**TASK DESCRIPTION**
Reproduce exactly only the lines from the line that holds "vintage frayed denim trucker jacket" to the line that holds "Men Baseball Cap", inclusive, in the listing below, and please leave out every picture.

(DATA IN THIS EXERCISE begins)

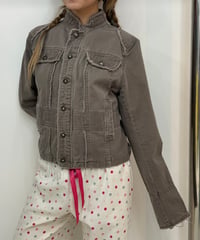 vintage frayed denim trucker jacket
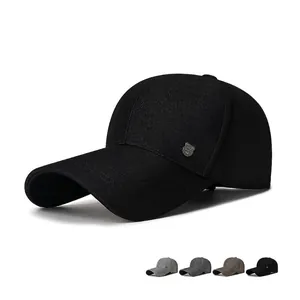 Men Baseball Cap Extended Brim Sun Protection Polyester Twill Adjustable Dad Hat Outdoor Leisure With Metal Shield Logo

(DATA IN THIS EXERCISE ends)
(DATA IN THIS EXERCISE begins)

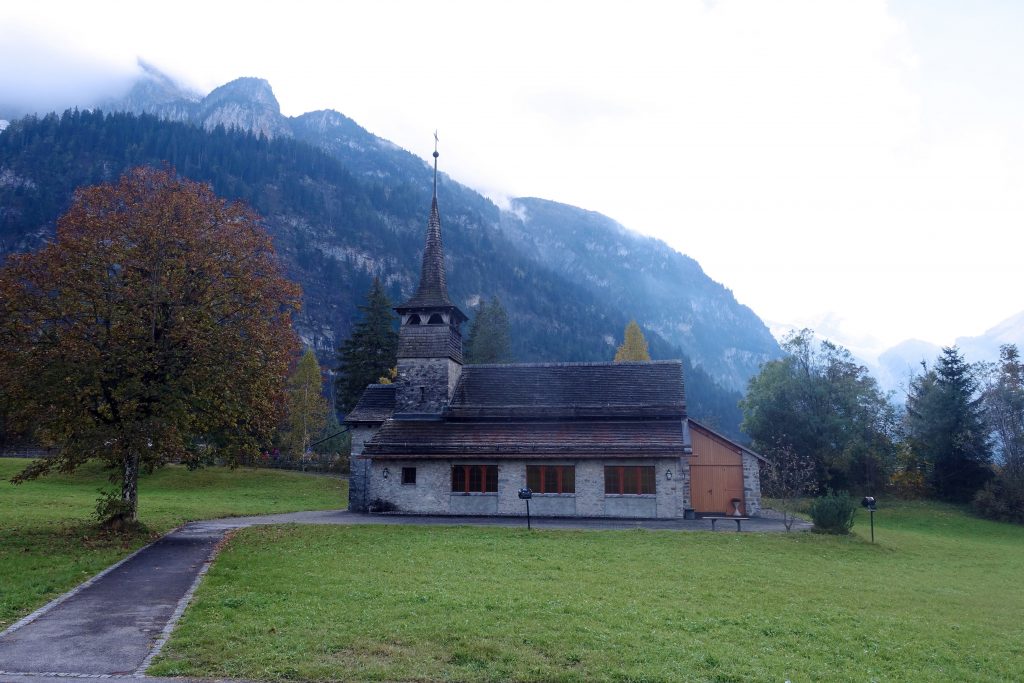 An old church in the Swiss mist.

(DATA IN THIS EXERCISE ends)
(DATA IN THIS EXERCISE begins)

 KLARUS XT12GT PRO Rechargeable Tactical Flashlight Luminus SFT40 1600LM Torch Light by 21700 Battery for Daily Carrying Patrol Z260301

(DATA IN THIS EXERCISE ends)

**YOUR SOLUTION**
 vintage frayed denim trucker jacket
 Men Baseball Cap Extended Brim Sun Protection Polyester Twill Adjustable Dad Hat Outdoor Leisure With Metal Shield Logo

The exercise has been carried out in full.